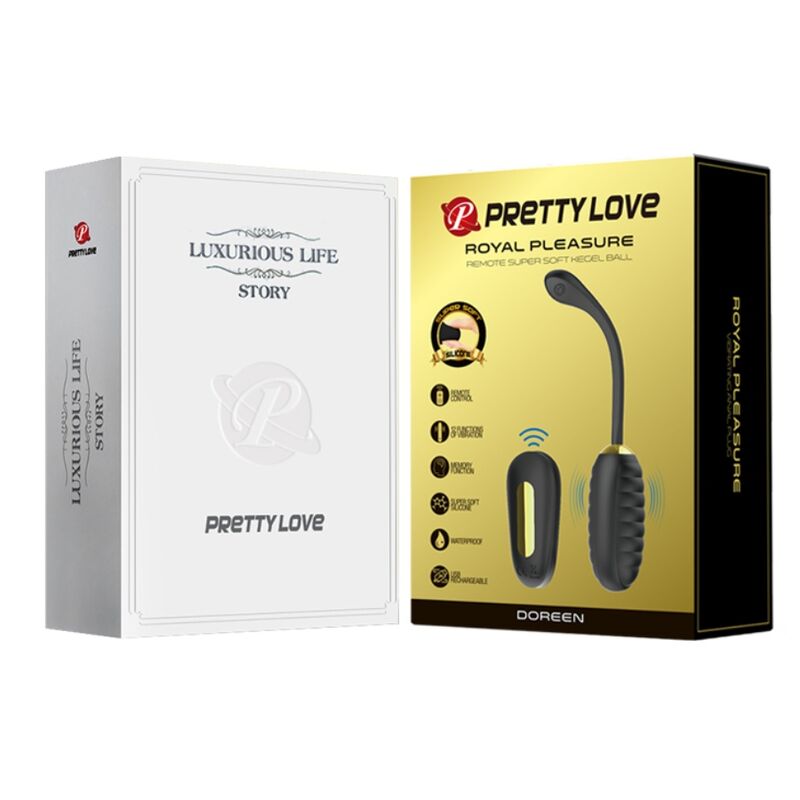 PRETTY LOVE - DOREEN LUXURY RECHARGEABLE VIBRATING EGG BLACK REMOTE CONTROL - Amore24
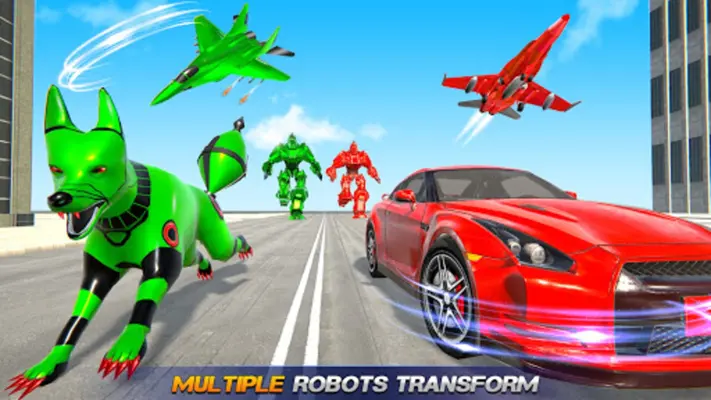 Wild Jackal Robot Transform Car War Robot Games android App screenshot 0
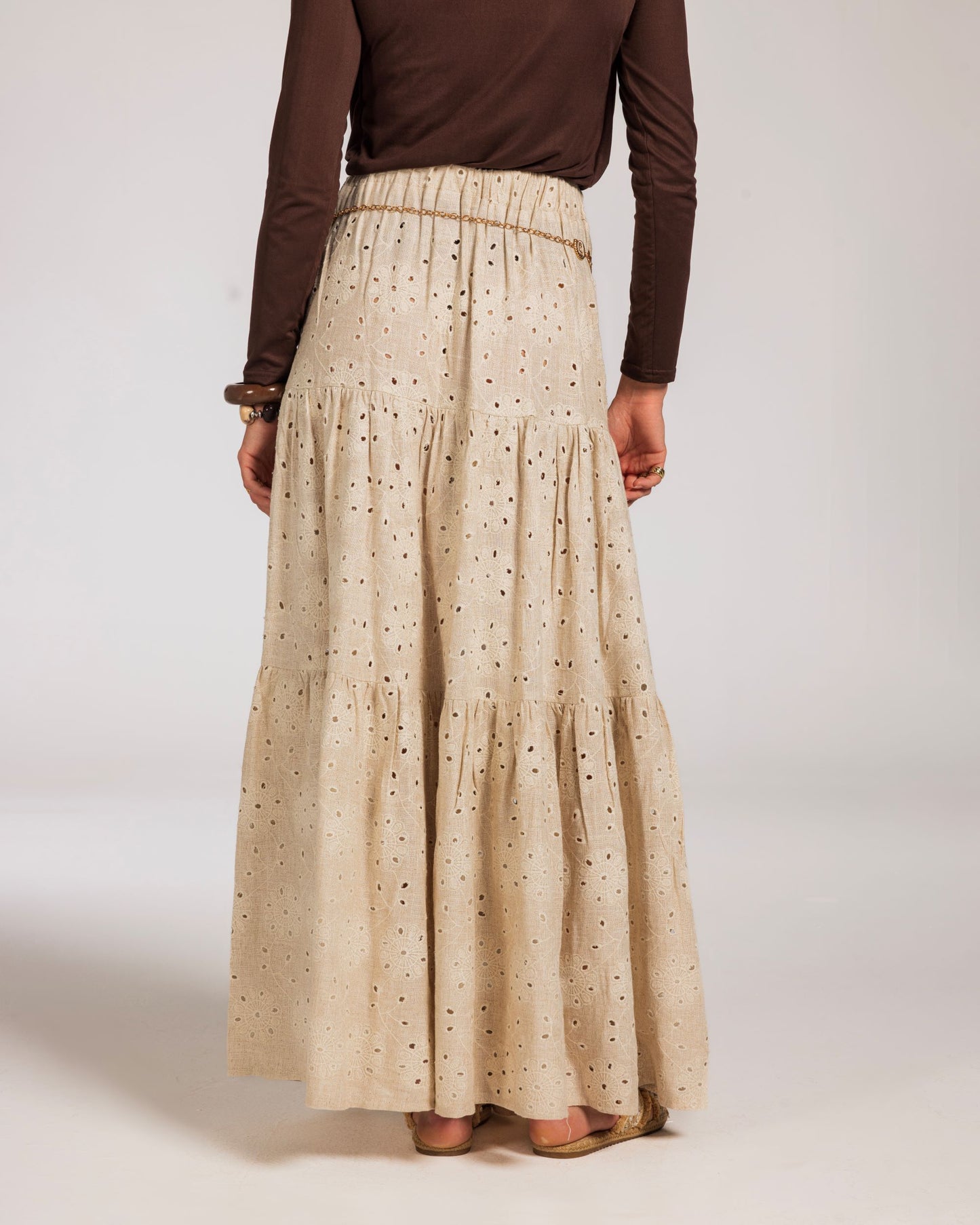 EMBROIDERED PURE LINEN SKIRT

#### [Assignment]
Please transcribe the whole listing above exactly, with the images left out.

#### [Written reply]
 PRETTY LOVE - DOREEN LUXURY RECHARGEABLE VIBRATING EGG BLACK REMOTE CONTROL - Amore24
 Wild Jackal Robot Transform Car War Robot Games android App screenshot 0
 EMBROIDERED PURE LINEN SKIRT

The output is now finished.